2668: Tomek ma gotowy artykuł o Cząbrze. Igor uświadamia bratu, że jeden świadek to stanowczo za mało – poza tym sam Cząber musi ustosunkować się do zarzutów. Radzi, by Anastazja włączyła się do sprawy. Tomek wie, że to niemożliwe. Tymczasem przed biurem Cząbra czai się Joachim. Brat Anastazji ma pistolet i nie zna litości! Mariola nachalnie namawia Michała, żeby odwiedził ją w domu. Brzozowski reaguje nerwowo – oświadcza, ze jest wolnym człowiekiem i sam zdecyduje co zrobi!
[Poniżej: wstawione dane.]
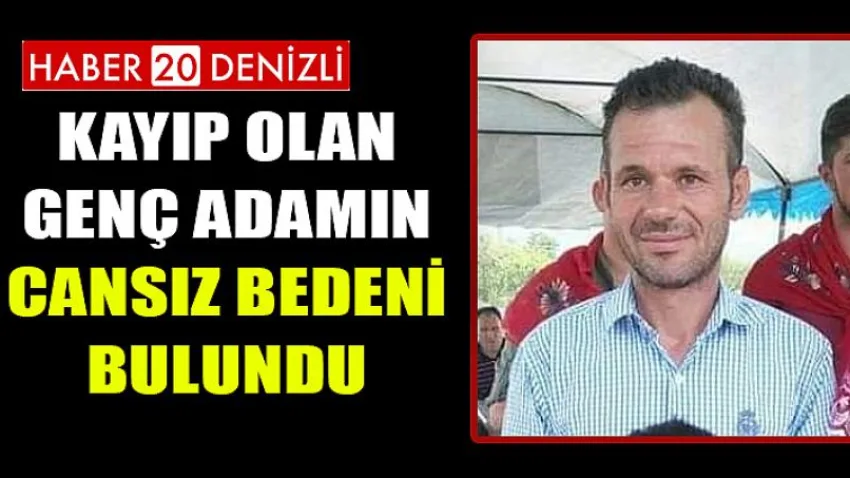Kayıp Olan Genç Adamın Cansız Bedeni Bulundu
Kobieta nie odpuszcza – wiedząc, że Michał niebawem zapomni nieprzyjemną rozmowę – ponawia próbę. I tym razem zwabia go do siebie. Mama Ewy widzi Ostrowskiego rozmawiającego z Kolendą. Ostrzega córkę – według niej atrakcyjna pani dyrektor jest ogromnym zagrożeniem dla jej związku! A to nie koniec jej planu – wmawia Ostrowskiemu, że Ewa marzy o małżeństwie z nim!
2669: Anastazja w końcu wyrzuca z siebie, co zrobił jej Cząber! Tomek jest zszokowany. I absolutnie pewny, że musi ukarać zwyrodnialca. Jego artykuł musi się ukazać. Tylko w tym musi mu pomóc Beata. Czy była kochanka Tomka się na to zdecyduje? Robert odprowadza syna do Olgi. Mówi o swoich podejrzeniach, że w szkole ktoś znęca się nad Stasiem. Ich rozmowę podsłuchuje Andrzej – partner Olgi. Mężczyzna kupuje chłopcu wymarzoną hulajnogę. Ale Staś się nie cieszy – zalękniony chowa się za mamą. Dyrektor Kolenda oznajmia Ostrowskiemu, że umówiła spotkanie w ministerstwie. Chce, żeby ordynator osobiście przekonał komisję, że ich placówka zasługuje na dotacje. Arek nie może odmówić. Zaraz potem – tuż przed swoją operacją – mama Ewy wymusza na Ostrowskim obietnicę, że ożeni się z jej córką! Co zrobi ordynator?